Kim Gurney, the author of Panya Routes: Independent art spaces in Africa, is participating on a public panel in Cape Town on Saturday about the politics, legacies and inheritances of independent spaces. Along with: 

  • Ukhona Ntsali Mlandu, Director, Greatmore Studios
  • Nqaba Shakes Mbolekwana, Location Studio Practice 
  • Phokeng Setai, Interdisciplinary Scholar 
  • Itumeleng wa Lehulere, Revolutionary Papers

Date: 24 September

Time: 12h00-14h30

Venue: Theatre Arts Admin, Observatory 

The panel is part of ‘Power Talks’, convened by Goethe-Institut Johannesburg and African Centre for Cities, as a roving national series to unpack power mechanisms in the cultural world. The Cape Town iteration is curated by Ukhona Ntsali Mlandu, director of Greatmore Studios, to look beyond the trauma and violences of power and see what constructive manifestations of power might look, taste, sound and feel like. It involves sonic explorations, food networks, theatre explorations, and more. 

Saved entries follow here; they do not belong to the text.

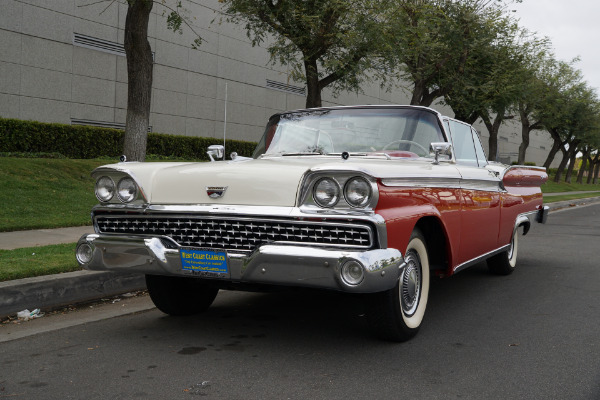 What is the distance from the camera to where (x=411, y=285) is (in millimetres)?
4410

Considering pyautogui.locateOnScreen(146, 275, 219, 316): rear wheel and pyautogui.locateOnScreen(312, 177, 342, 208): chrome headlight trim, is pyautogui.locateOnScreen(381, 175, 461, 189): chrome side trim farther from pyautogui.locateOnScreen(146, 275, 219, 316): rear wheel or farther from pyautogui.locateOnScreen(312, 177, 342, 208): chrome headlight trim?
pyautogui.locateOnScreen(146, 275, 219, 316): rear wheel

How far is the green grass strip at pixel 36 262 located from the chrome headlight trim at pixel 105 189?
1.52 meters

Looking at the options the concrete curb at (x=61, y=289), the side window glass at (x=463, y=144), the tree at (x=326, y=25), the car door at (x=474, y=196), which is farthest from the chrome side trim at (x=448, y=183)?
the tree at (x=326, y=25)

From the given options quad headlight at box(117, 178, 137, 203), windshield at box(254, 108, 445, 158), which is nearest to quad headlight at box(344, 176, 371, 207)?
windshield at box(254, 108, 445, 158)

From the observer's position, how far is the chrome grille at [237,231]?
3652 millimetres

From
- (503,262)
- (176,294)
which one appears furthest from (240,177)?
(503,262)

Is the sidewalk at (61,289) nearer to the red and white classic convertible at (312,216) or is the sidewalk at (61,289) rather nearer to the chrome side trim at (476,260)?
the red and white classic convertible at (312,216)

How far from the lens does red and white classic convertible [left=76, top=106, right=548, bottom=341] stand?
3.67m

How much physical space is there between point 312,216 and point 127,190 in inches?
56.8

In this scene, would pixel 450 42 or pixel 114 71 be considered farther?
pixel 450 42

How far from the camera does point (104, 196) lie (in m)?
4.42

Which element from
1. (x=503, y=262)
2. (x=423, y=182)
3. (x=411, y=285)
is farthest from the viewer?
(x=503, y=262)

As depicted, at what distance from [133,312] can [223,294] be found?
1.02 meters

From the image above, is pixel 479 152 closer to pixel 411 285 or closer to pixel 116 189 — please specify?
pixel 411 285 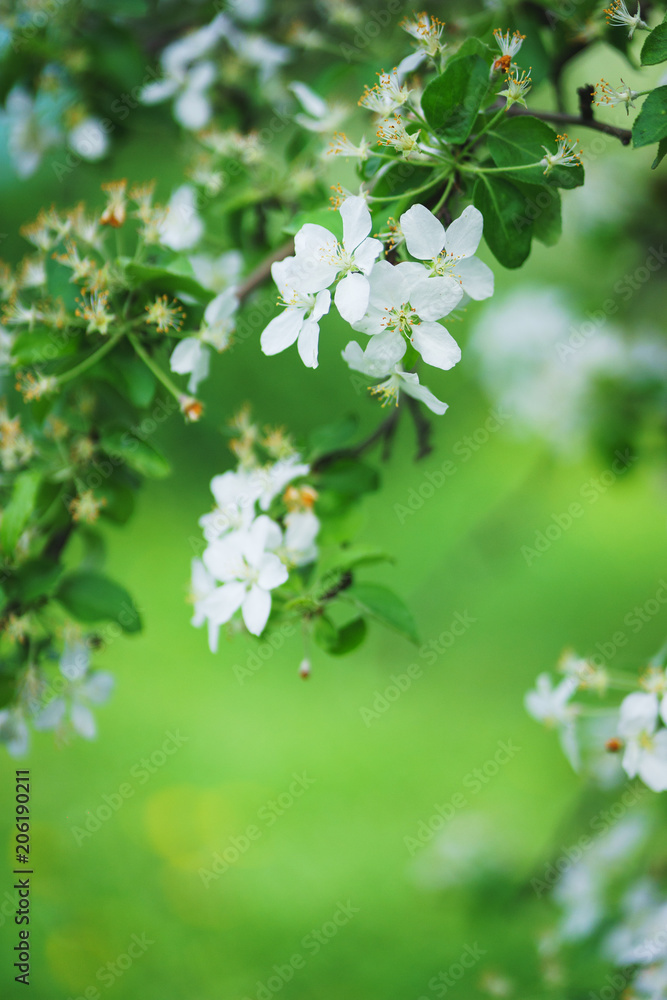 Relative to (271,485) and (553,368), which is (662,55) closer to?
(271,485)

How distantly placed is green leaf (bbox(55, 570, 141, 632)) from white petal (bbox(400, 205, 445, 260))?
2.14ft

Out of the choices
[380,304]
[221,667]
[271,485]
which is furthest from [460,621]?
[380,304]

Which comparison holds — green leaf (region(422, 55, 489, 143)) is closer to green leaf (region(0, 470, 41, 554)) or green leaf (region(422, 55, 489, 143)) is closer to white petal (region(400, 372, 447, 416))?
white petal (region(400, 372, 447, 416))

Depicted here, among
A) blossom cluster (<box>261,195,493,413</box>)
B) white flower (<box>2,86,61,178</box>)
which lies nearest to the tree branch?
blossom cluster (<box>261,195,493,413</box>)

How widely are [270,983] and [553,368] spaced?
5.89 ft

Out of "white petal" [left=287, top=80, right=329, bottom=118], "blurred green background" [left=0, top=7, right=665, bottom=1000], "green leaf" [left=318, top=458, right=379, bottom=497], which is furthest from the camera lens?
"blurred green background" [left=0, top=7, right=665, bottom=1000]

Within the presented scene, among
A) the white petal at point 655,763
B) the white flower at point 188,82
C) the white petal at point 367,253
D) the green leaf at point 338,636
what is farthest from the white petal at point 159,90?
the white petal at point 655,763

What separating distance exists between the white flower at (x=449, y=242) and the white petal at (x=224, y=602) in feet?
1.48

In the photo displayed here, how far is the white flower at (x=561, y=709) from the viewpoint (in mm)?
1218

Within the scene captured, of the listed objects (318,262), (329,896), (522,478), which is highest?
(318,262)

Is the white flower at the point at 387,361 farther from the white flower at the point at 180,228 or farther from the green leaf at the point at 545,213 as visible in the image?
the white flower at the point at 180,228

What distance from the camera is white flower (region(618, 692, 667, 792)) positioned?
991 mm

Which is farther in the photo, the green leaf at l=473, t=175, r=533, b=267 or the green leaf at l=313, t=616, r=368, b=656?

Event info here: www.instagram.com/powertalksza/

Session info: https://www.instagram.com/p/CixX5wDKdQJ/

Website: https://www.goethe.de/ins/za/en/kul/sup/pow/cap/events.html#i8640482

PANYA ROUTES by KIM GURNEY launched at the A4 Arts Foundation

Last week Thursday, Panya Routes: Independent art spaces in Africa by Kim Gurney was launched at the A4 Arts Foundation. Kim was in conversation with Neo Muyanga.

“I travelled to five cities on the African continent at intervals during 2018 and 2019 to visit an independent art space in each. Panya Routes is an invitation to join this journey and discover how such spaces work, think and navigate conditions of constant flux. These independent art spaces form part of a larger family of small-scale platforms, often artist-led or with artistic thinking at heart, whose numbers have flourished in recent years although their existence can also be short-lived. This book focuses upon five case studies of such spaces that have all been active for more than a decade, thus offering compelling tales about sustaining non-profit and innovative practice in an increasingly commodified world. My visits, conducted as part of the African Centre for Cities research project Platform / Plotform, were timed to coincide with emblematic programming, predominant art in public spaces. And, where possible, other independently curated events and spaces from a street art festival to an “off-biennial” were considered in parallel in order to glean another reading on art in each city …” (Panya Routes, p. 9)

Thank you, Nancy Richards and Natalie Becker, for the photographs!